Millis and Maryland doctors said they consider more than just failing organs. They need transplant teams to effectively communicate and form a single plan. And because the patient must take anti-rejection medications for the rest of his life and return for care regularly, he and his family must demonstrate commitment.
Krech's family helped cement the decision to operate at Maryland, said Dr. Bartley P. Griffith, chief of cardiac surgery at the University of Maryland Medical Center and professor of surgery.
Griffith, who performed the heart transplant, said scarring from past procedures made surgery challenging. Two main arteries had fused, making extraction of the old heart difficult. He was aware many other centers wouldn't have done the surgery, seeing less risk in giving the organs to two other patients.
"I think we struggle with taking risks today, even though we had a great kid who deserved a chance," he said. "But everyone here was on board."
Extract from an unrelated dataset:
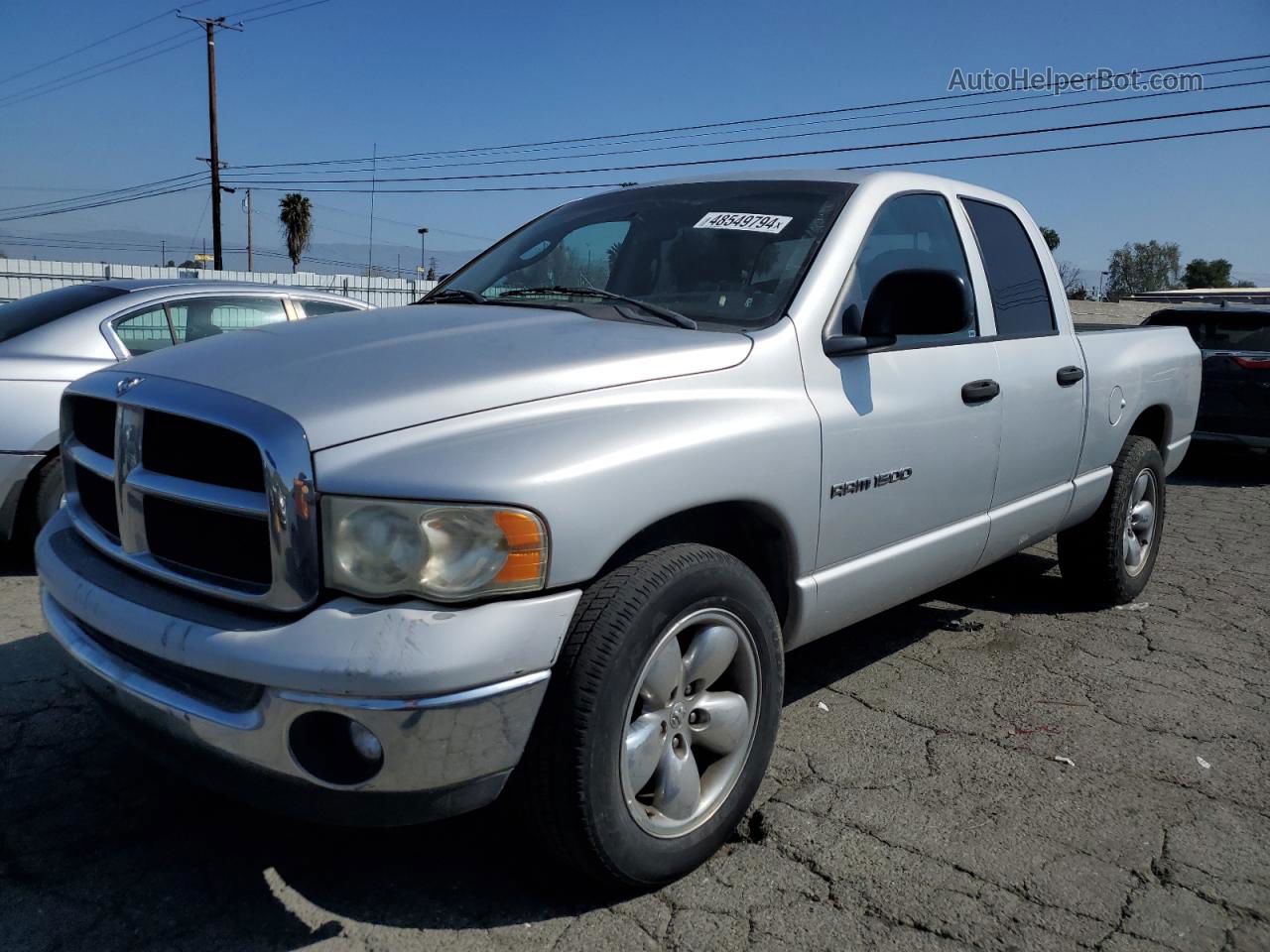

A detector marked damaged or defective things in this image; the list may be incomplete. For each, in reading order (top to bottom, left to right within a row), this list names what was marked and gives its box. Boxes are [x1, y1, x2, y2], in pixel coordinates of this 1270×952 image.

cracked asphalt [0, 446, 1262, 952]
David Krech's operation started with a call to Feller in the transplant program from Krech's doctor in Thomasville, Ga. He knew transplant was the only hope for Krech, who was born with pulmonary atresia, a rare form of congenital heart disease where the pulmonary valve does not form properly and blood from the right side of the heart cannot get into the lungs to pick up oxygen. He also had a related hole in the wall that separates the heart's right and left ventricles.
He'd had his defective valves replaced at age 10 and 11 and again in 2007. In May, he got sick once more. By October, his heart was failing and he was dangerously low on sodium, which helps regulate blood volume and pressure, among other functions. His bad heart had also wrecked his liver, causing cardiac cirrhosis and a lot of fluid retention.
By the time he was flown on a medevac jet 1,000 miles to Maryland — 36 hours after the first contact with the transplant program — he was delirious.
Doctors stabilized him. A few days later, the transplant committee put him on the list for new organs. Krech and his mother and father, Lavinia and Bill Krech, who are divorced, moved into a rowhouse in South Baltimore to wait for a donor together. Krech stayed on the intravenous medications and had little energy.
He'd come to the hospital regularly to see doctors and have fluids drained from his belly. Then, the morning of Oct. 15, the hospital called and said a suitable heart and a liver were available. A bit scared, and sad for the anonymous donor's family, he and his family prepared for 10 hours in surgery.
"I thought I'd rather die trying," he said. "I felt like it would go well, but if it didn't, I'd lived a good life."
By the next day, he was sitting up in a chair — a recovery doctors said was uncommonly quick. He was released from the hospital a few weeks later.
Lavinia Krech, who retired early from her government job to move to Baltimore, said her son clearly has more energy and improved circulation: "He never had rosy cheeks before."
Bill Krech, a salesman who has been squeezing in work by phone, said he'd known since his son's birth that he would need a heart transplant some day and felt lucky to be able to come to Baltimore.
If all goes well, the family will be able to leave Baltimore in a few months. Doctors will be watching to ensure Krech's anti-rejection medications work, his organs function normally and he avoids infection. He hopes to return soon to Southwest Georgia Technical College to study early childhood education. He also hopes to again live on his own.
For now, he and his family will enjoy his health, and a little sightseeing in Baltimore.